A politically charged adjective popped up repeatedly in the evolving plans for a new Advanced Placement course on African American studies. It was “systemic.”

The February 2022 version declared that students should learn how African American communities combat effects of “systemic marginalization.” An April update paired “systemic” with discrimination, oppression, inequality, disempowerment and racism. A December version said it was essential to know links between Black Panther activism and “systemic inequality that disproportionately affected African Americans.”

Then the word vanished. “Systemic,” a crucial term for many scholars and civil rights advocates, appears nowhere in the official version released Feb. 1. This late deletion and others reflect the extraordinary political friction that often shadows efforts in the nation’s schools to teach about history, culture and race.

The College Board, which oversees the AP program, denies that it diluted the African American studies course in response to complaints from Florida Gov. Ron DeSantis (R) or his allies. But a senior College Board official now acknowledges the organization was mindful of how “systemic” and certain other words in the modern lexicon of race in America would receive intense scrutiny in some places.

“All of those terms were going to be challenging,” said Jason Manoharan, vice president for AP program development. He said the College Board worried some phrases and concepts had been “co-opted for a variety of purposes” and were being used as “political instruments.” So the organization took a cautious approach to the final edits even as it sought to preserve robust content on historical and cultural impacts of slavery and racial discrimination.

“We wanted this course to be adopted by 50 states, and we wanted as many students and teachers as possible to be able to experience it,” Manoharan said. His acknowledgment underscored the inherent politics behind promoting a course that deals so squarely with race in America.

Documents and interviews with several people involved in the course’s creation, including university professors in the field, show the process was both routine and fraught. While Florida, a major state, raised objections behind the scenes, there is scant evidence tying its complaints to specific changes in the course.

Course developers had long discussions on how many weeks should be devoted to origins of the African diaspora and a student research paper on an elective topic — a back-and-forth typical for academia. Those decisions squeezed time allotted to contemporary issues.
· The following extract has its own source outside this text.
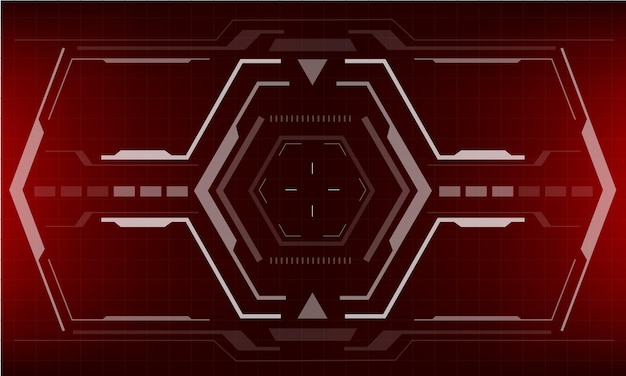 Ekran interfejsu HUD scifi czerwony niebezpieczeństwo projekt wirtualnej rzeczywistości futurystyczny wektor wyświetlania technologii
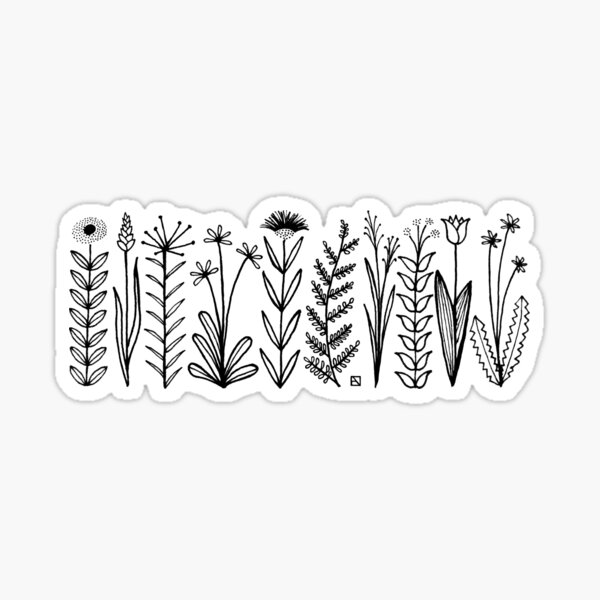 Blumenmuster scharz/weiß / flower pattern Sticker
But the tense political atmosphere guaranteed the winnowing of lessons on topics such as reparations and movements for Black lives would be second-guessed even if experts deemed it necessary for pacing of the course.

John K. Thornton, a professor of African American studies and history at Boston University, who contributed to the planning, said he was pleased the course opens with five weeks on early Africa. But he lamented that reparations and Black Lives Matter ended up only as optional research topics. “It did upset me a little bit,” he said. “Those things obviously feel very much a part of what a college course is about.”